In the following year, a number of smaller operations brought Jews who had remained in Sudan and Ethiopia to Israel: Operation Joshua, which was conducted by the U.S Air Force, and brought 494 Jewish refugees remaining in Sudan to Israel.
American Jewry, led by the AAEJ (American Association for Ethiopian Jews) played a key role in the lobby for bringing Ethiopian Jews to Israel and in raising funds for this effort.
At the time of the sudden halt of Operation Moses, as a result of the exposure of the secret aliya, the political map changed. The Sudanese ruler, who had turned a blind eye to the use of his country as a transfer point for Jews emigrating from Ethiopia to Israel, was removed from office. Pressure rose among Ethiopian Jews, as the community was now split, with large numbers remaining in Ethiopia. Families had broken up. Those who had already arrived in Israel were worried and frustrated. Agitated demonstrations took place, calling to bring the rest of the community to Israel. In 1989, following the renewed ties between Israel and Ethiopia, aliya activities resumed. Many villagers left for Addis Ababa, hoping to reach their loved ones in Israel.
In 1991, rebels against Ethiopian ruler Mengistu Haile Mariam and his army mounted attacks, besieged and eventually took control of Addis Ababa. At that time, about 20,000 Ethiopian Jews crowded together in camps near the Israeli embassy, close to the airport. While tensions heightened, secret talks between Israeli and Ethiopian authorities took place. In addition, American Jewry and the US government were essential in reaching an agreement to undertake the operation.
Operation Solomon took place one weekend in May 1991, led by the Israeli Air Force over the course of 36 hours. In El Al jumbo jets and military C-130 Hercules aircrafts stripped of their seats in order to maximize the number of passengers, 14,325 Ethiopian Jews flew to Israel.(The operation set a world record for a single-flight passenger load, when an El Al 747 carried 1,122 passengers to Israel.) The entire operation was conducted under total military censorship, which was not lifted by the Israeli government until the operation was completed.
The massive airlift is considered one of the most spectacular events in the history of Israeli and the Jewish people.

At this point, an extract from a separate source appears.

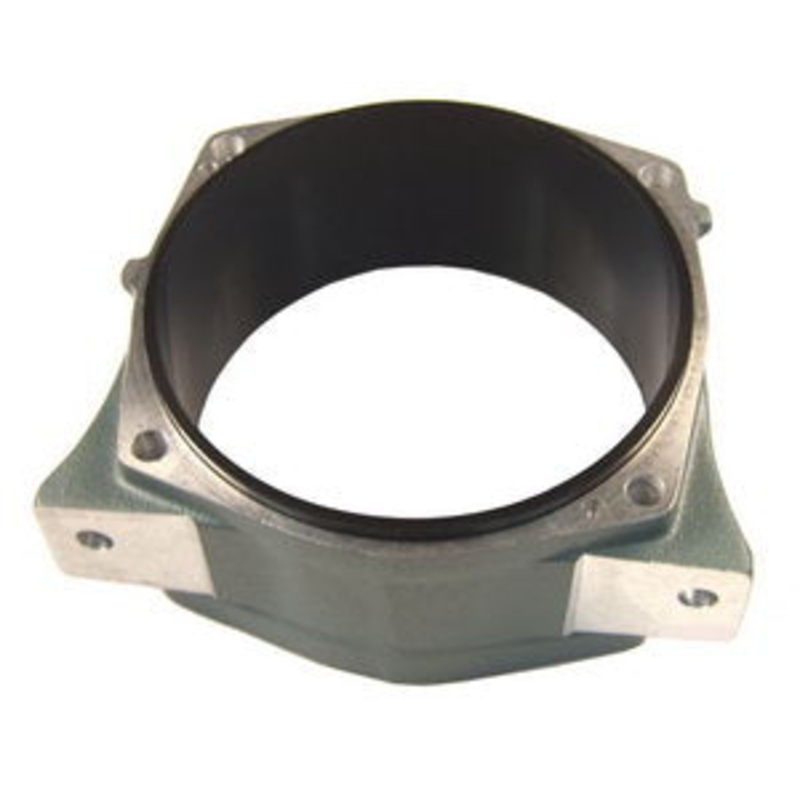 Jet Pump housing 701, 760, 1100, 1200cc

Since Operation Solomon, Falashmura have been coming to Israel, small groups at a time. About 100 years ago, Christian missionaries working in Ethiopia made great efforts to convert Beta Israel Ethiopian Jews to Christianity. While large numbers held fast to their religious beliefs, others converted as a result of economic pressures and the desire to integrate into Ethiopian society. Those who converted became known as “Falashmura”. At the time of Operation Solomon, hundreds of Falashmura also arrived at the gates of the Israeli Embassy in Addis Ababa, asking to immigrate to Israel. Prime Minster Shamir was quoted as saying, “First the Jews, and then we’ll see.” Thus, at that time, the Falashmura were not allowed to immigrate to Israel. As increasing numbers arrived at the site where the Beta Israel had camped near the embassy, the demand to allow them into Israel grew, since large numbers had relatives in the country. During the latter half of the 1990′s, the Ministry of Absorption decided to allow those with first degree relatives in Israel to immigrate. Thus began the aliya of the Falashmura, under the heading of family union. This aliya continued in slowly up until recently. In October 2012, the government announced that the Falashmura aliya would conclude in 2013. In October, 2013, 5000 Falashmura who had been waiting in a camp in Gondar, arrived in Israel on Operation Dove’s Wings. Yet, there are still those who remain in Ethiopia whose family members in Israel claim are Jewish. Today an effort to allow them to immigrate continues.